Yapılan anket sonuçlarına bakıldığında, halkın büyük çoğunluğunun reform paketine karşı çıktığı görülüyor. Gençler arasında bu oran %70’lere çıkıyor. Bu yüzden hükümet öğrenciler üzerinde baskı kurmaya çalışıyor. Polis, öğrencilere ve işçilere göz yaşartıcı gaz ve plastik mermi ile saldırıyor. Gösteriler esnasında, 16 yaşında bir öğrenci, polisin plastik mermi atması sonucu bir gözünü kaybetti. Birçok kişi yaralandı. Çok sayıda işçi ve öğrenci gözaltına alındı.
Fransa’da patronlar eylemlerin önü alınmaz bir grev dalgasına dönüşmesinden korkuyorlar. Birçok işyerinde sendika ve işçiler greve çıkmak için toplantılar yapıyorlar. Kamu sektörünün geniş bir kesimini içine alan grev oylamaları yapılıyor. Sendikacılar “Grev bize pahalıya mal olacak ama hayatımızın iki yılını savunuyoruz ve buna değer” diyorlar. Kamyon şoförleri de greve katılmışlardı, şimdi ise yollarda yavaş giderek trafiği kesmeye çalışıyorlar. Özellikle ana yolları ve nakliye yollarını bloke etmiş durumdalar. Aynı şekilde para transferi yapan zırhlı araç şoförleri de greve katılacaklarını duyurdular. Para transferinin yapılmaması ekonomiyi ağır etkileyecek. Hemen hemen tüm sektörlerde greve katılım artıyor. Havaalanlarında hava trafik kontrolörlerinin çalışmaması nedeniyle uçuşlar kısmi olarak 22 Ekime kadar iptal edildi.
Fransa’da benzin istasyonları bir haftadır bloke edilmiş durumda ve ciddi petrol sıkıntısı yaşanmaya başlandı. 18 Ekim Pazartesi günü 1500 benzin istasyonu greve katıldı. Özellikle ülkenin önemli petrol rafinerisi ve ana liman kenti olan Marsilya’da 3 haftadır grev sürüyor. 12 Ekimdeki greve 230 bin işçi katıldı. Ülkenin nükleer istasyonu Flamanville’de 180 kişinin katıldığı grev oylamasında 175 kişi 48 saatlik greve çıkma yönünde oy verdi.
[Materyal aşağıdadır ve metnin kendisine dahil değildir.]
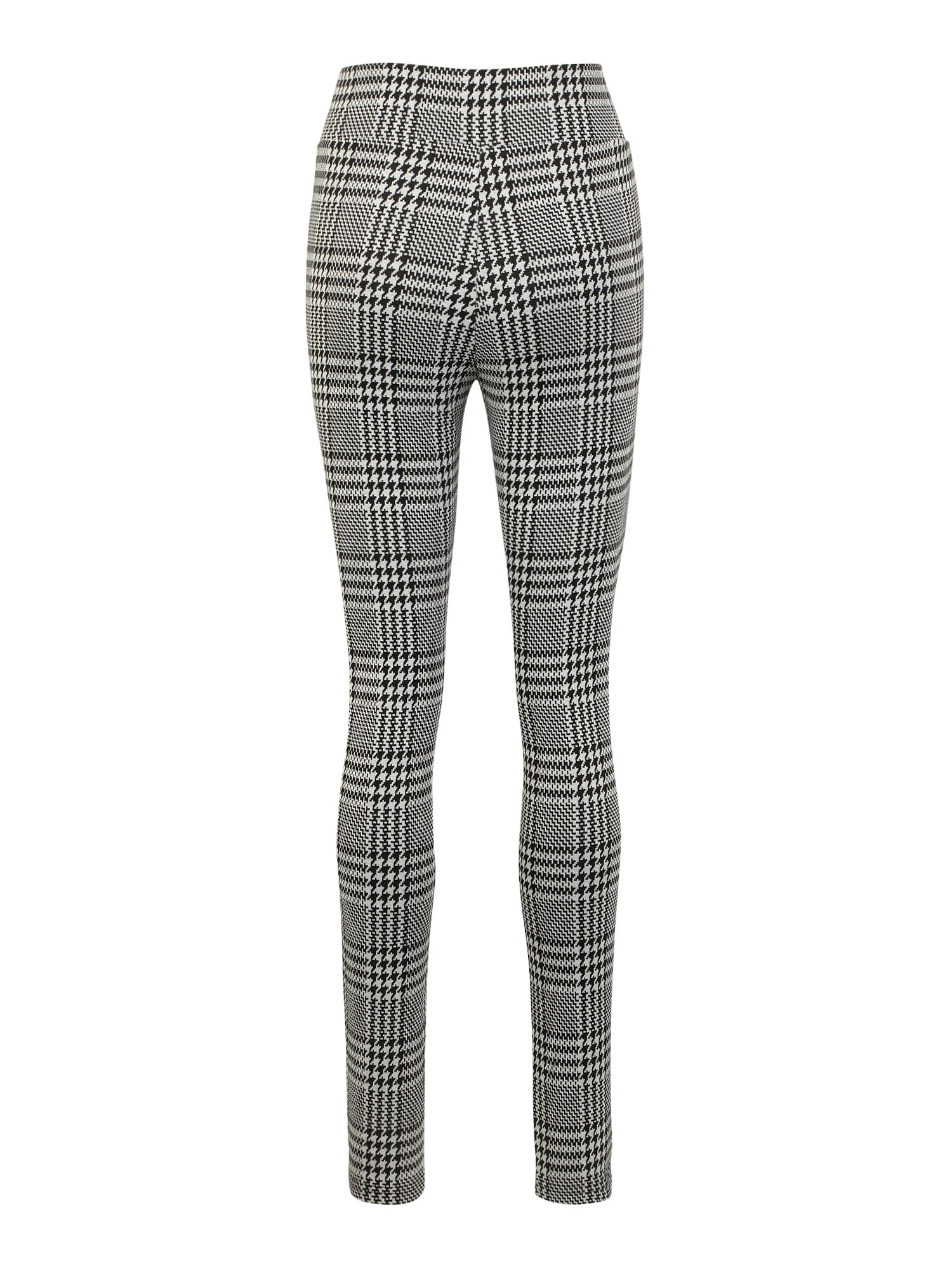 Only Tall Leggings 'ZIGA' negru / alb - Pled.ro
Demiryolu işçileri, demiryolu taşımacılığını felç ettiler. Demiryolu işçileri “Biz bu hareketi durdurmak istiyorsak, ülkeyi felce uğratmamız gerekir” dediler ve yaptılar.
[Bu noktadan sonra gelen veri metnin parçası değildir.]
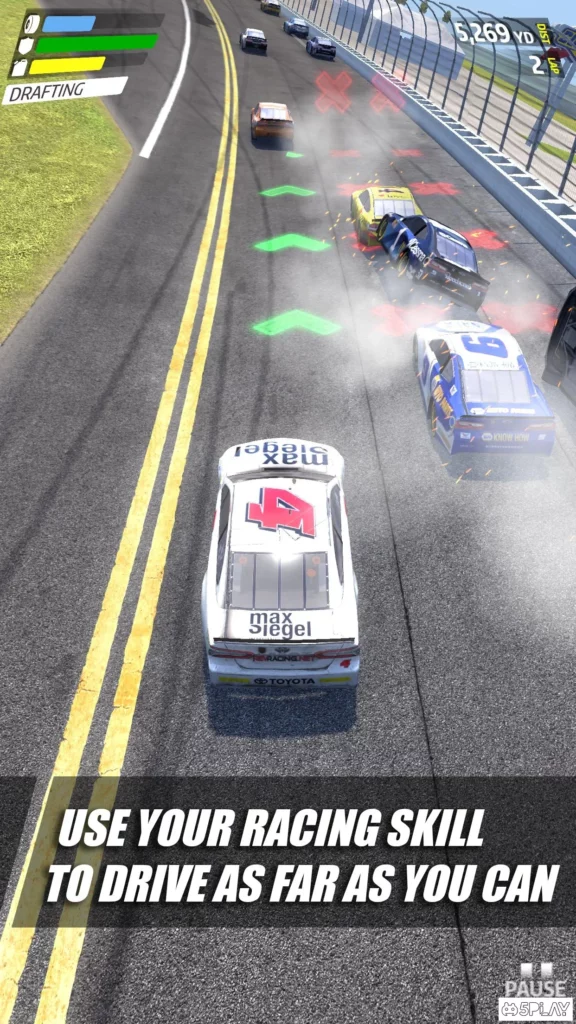 NASCAR Rush screenshot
Fransa’da işçiler, hükümete “biz izin vermeden sen bir şey yapamazsın” diyorlar. Adına reform denilen saldırı yasası geri çekilinceye kadar grevlere devam edeceklerini ilan ediyorlar. Reform paketi, Fransız patronları açısından kritik önem taşıyor. Şimdiki yasalar altında Fransız işçiler çift kademeli emeklilik sisteminde 60 ya da 65 yaşında emekli olabiliyorlardı. Fakat değişiklik yapılırsa emeklilik yaşı 2 yıl arttırılacak. Hükümet son iki yıldır gayri safi milli hâsılanın %80’ine ulaşan devlet borçlarını işçilerin sırtına yıkmak istiyor. Emeklilik yaşının artırılmasıyla hükümet, işçilerin iflâsı pahasına 70 milyar euro kurtarmayı hedefliyor.
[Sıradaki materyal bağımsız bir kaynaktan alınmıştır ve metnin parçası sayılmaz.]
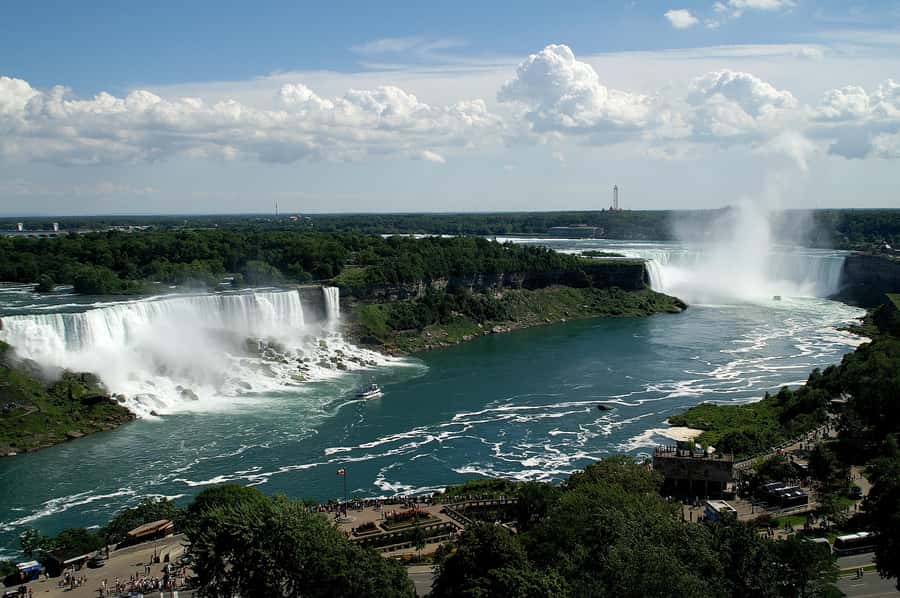 From NYC: 1-Day Niagara Falls Tour by Van - The Scenic Drive to Niagara Falls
Fransa’da emekçiler son yıllarda yoğun bir hareketlilik içindeler. “Kâğıtsızlar” olarak adlandırılan göçmen işçiler arasında işsizliğin %50’lere yaklaşması üzerine, varoşlar 2005 Kasımında isyan etmişti. Bir yıl sonra benzer bir isyan, 2006 yılında çıkarılan İlk İş Sözleşmesi Yasasına (CPE) karşı patlak verdi. Hükümet bu yasayı gençlere iş sağlayacağı vaadiyle pazarlamaya kalkışmıştı. 26 yaş altındakilerin 2 yıllık deneme süresi dahilinde çalıştırılmasına ve hiçbir sebep göstermeksizin işten çıkartılmasına olanak tanıyan bu yasanın geri çekilmesi için gençler sokaklara dökülmüş, üniversiteler işgal edilmişti. Sarkozy’den önceki başbakan De Villepin hükümeti 2006 yılında sokaklara dökülen kitleler tarafından süpürülmüştü. Sarkozy ise aynı kâbusu bugün yaşıyor.